Alors, que veut-il dire exactement? Eh bien, Said soutient que les savants européens en question (connus sous le nom d'orientalistes) ont créé une distinction entre l'Est et l'Ouest qui n'existait pas réellement. Ce n'était pas, comme le disent certains anti-orientalistes modernes, que ces érudits se sont trompés sur le «vrai Orient», mais plutôt qu'il n'y a pas de «véritable Orient». L'échec du milieu orientaliste a été, par conséquent, son manque d'autocritique - son incapacité à remettre en question sa construction générale du mythe et sa relation au pouvoir - et non son existence.

Si je le signale, c'est parce que l'argument est, en substance, une caractéristique centrale du dernier roman de Compass, écrivain et universitaire orientaliste Mathias Énard. Le travail a lieu pendant une nuit blanche, à la suite des pensées d'un musicologue autrichien, Franz Ritter, récemment diagnostiqué d'une maladie mortelle. Il s'agit d'un long et érudit soliloque - une vie dont on se souvient à l'approche de la mort - semblable au roman d'Énard de 2008, Zone. Contrairement à Zone, cependant, le livre ne propose pas une enquête sur la guerre et la barbarie à travers la Méditerranée.
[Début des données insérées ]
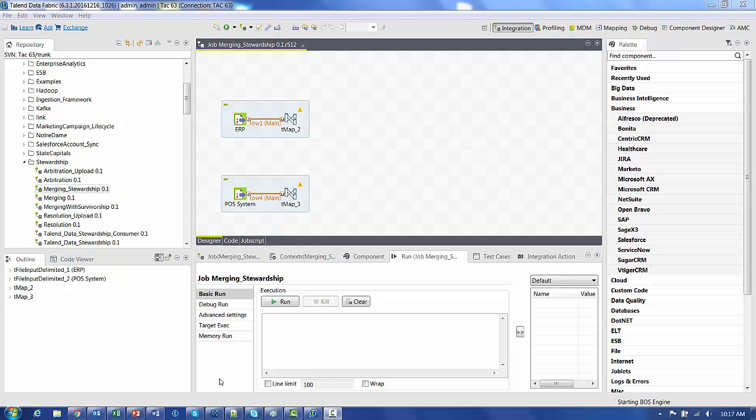So the next step in populating this campaign is to query the data, all the multiple data sources and provide any kind of matching and merging into the data stewardship merging process. To illustrate this, I've switched over to the Talend Studio. I have two data sources, one we're going to call ERP and another one point of sale system.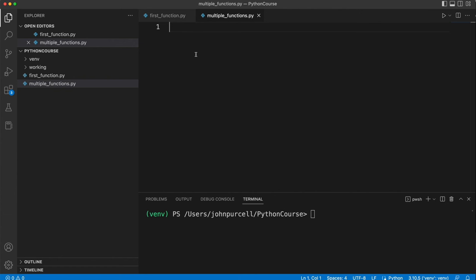In this video we're going to write a program that uses three user-defined functions. Now here's a little exercise that you can do at this point if you want to. Just pause the video after I've described it.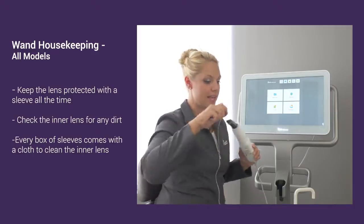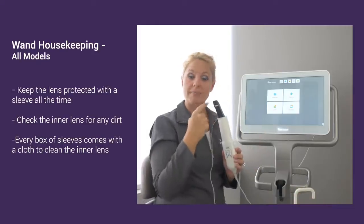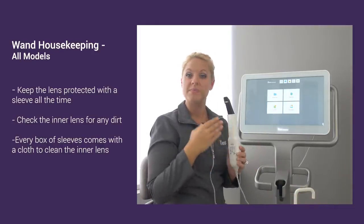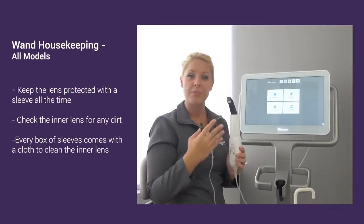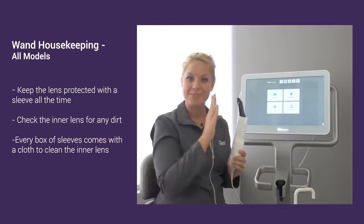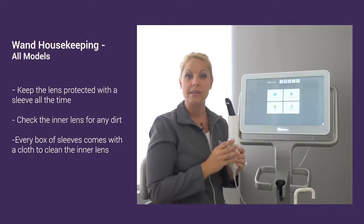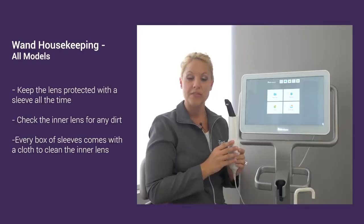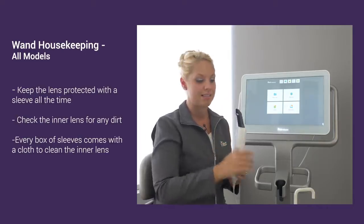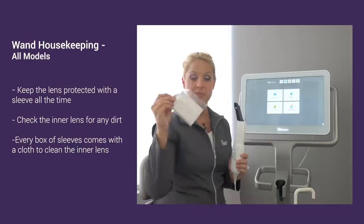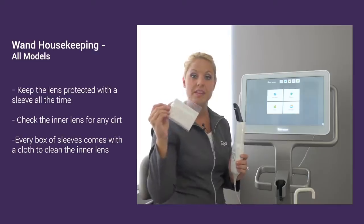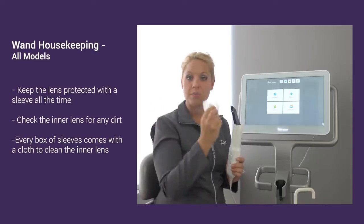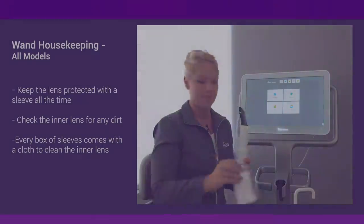With the inside lens, double check to make sure that we don't have any smudges or fingerprints or perhaps any wipes that got on that inside lens because it will affect the quality of your images. If you ever do have any smudges, every box of sleeves provides a lens cloth that you can use dry to rub away any smudge that may occur.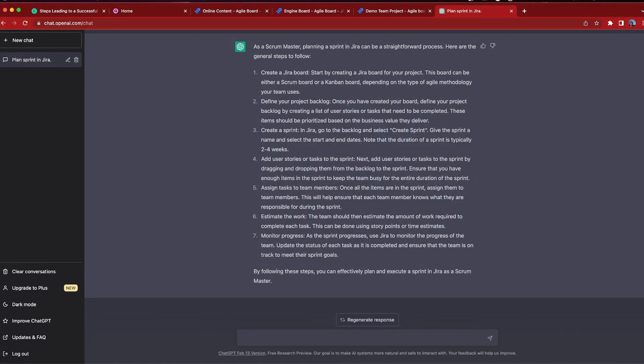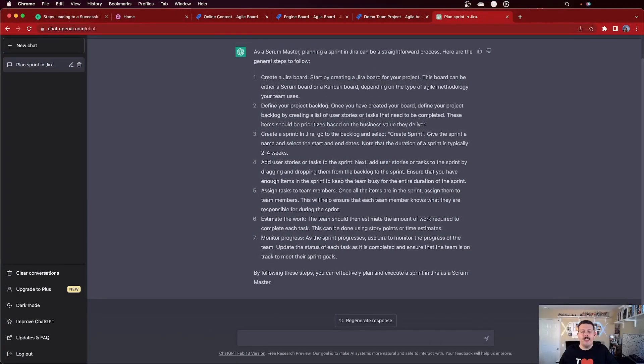Finally, we're going to monitor progress. As the sprint progresses, use Jira to monitor the progress of the team and update the status. This is solid advice overall. If you have never planned a sprint before, following ChatGPT's guidance should get you going — it probably covers about 80% of what you need.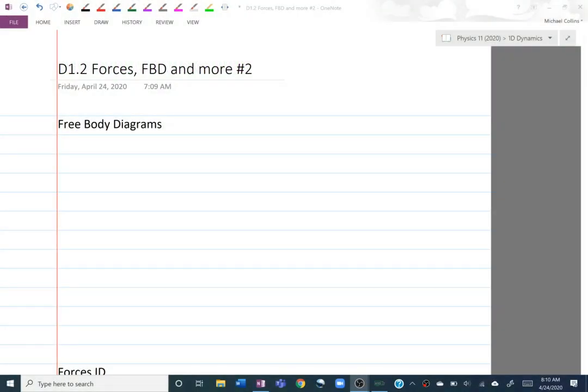Hi, and welcome to Forces, Free Body Diagrams, and more Newton's Second Law. When we introduced this unit, we did a lot of talking and philosophizing about different ideas, and how Newton's Laws caused a bit of a ripple, and how we can use them to think about the universe. This topic is a little bit more mathematical-based, so for those of you that were missing the math, we get it now.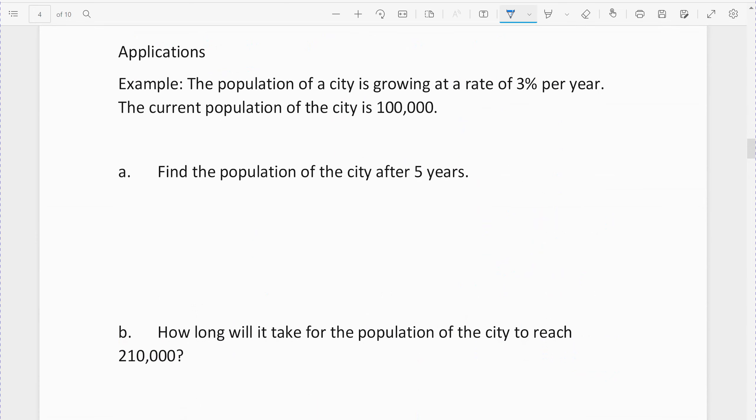Alright, so we're going to do applications of exponential growth and decay. We're going to do similar questions to what we did in section 3.2, and then we're going to add the ability to find time. Now we can find time. The population of a city is growing at a rate of 3% per year — that's an exponential rate of growth.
Il se concentre plutôt sur l'Orient-réel et imaginé-vécu par les orientalistes comme Ritter et ses amis, ainsi que par les aventuriers et diverses figures historiques, toujours avec l'idée sous-jacente qu'il n'y a pas de différence distincte et unifiée entre l'Est et l'Ouest.

«Ce que nous considérons comme« oriental »est en fait, très souvent, la répétition d'un élément« occidental »qui modifie lui-même un autre élément« oriental »antérieur, et ainsi de suite; elle pourrait conclure qu'Orient et Occident n'apparaissent jamais séparément, qu'ils sont toujours entremêlés, présents l'un dans l'autre [

]. J'imagine qu'elle finirait le tout avec une projection politique sur le cosmopolitisme comme seul point de vue valable sur la question. »

La «elle» mentionnée ci-dessus est Sarah, une brillante orientaliste française qui apparaît maintes et maintes fois tout au long du récit. Franz Ritter est ami avec elle et désespérément amoureux depuis leurs débuts savants, et c'est à ses côtés qu'il a voyagé au Moyen-Orient et aux alentours. Les voyages à travers l'Iran, la Turquie, le Liban et la Syrie sont tous racontés par le narrateur, le dernier donnant certains des passages les plus mélancoliques du roman. La beauté passée de Palmyre et d'Alep, bien que teintée par des soupçons d'oppression gouvernementale, contraste à plusieurs reprises avec le sort actuel des villes:

«Une lettre avec le papier à en-tête de cet hôtel Baron qui empestait encore la nostalgie et la décadence, tout comme aujourd'hui ça pue les bombes et la mort - j'imagine les volets fermés criblés d'éclats d'obus; la rue avec des soldats qui la dévalent, les civils se cachent, comme ils peuvent, des tireurs d'élite et des tortionnaires [

] la puanteur de la stupidité et de la tristesse, partout. Impossible à l'époque, au bar de l'hôtel Baron, de prévoir que la guerre civile était sur le point de s'emparer de la Syrie, même si la violence de la dictature était omniprésente, alors présent vous préférez l'oublier. »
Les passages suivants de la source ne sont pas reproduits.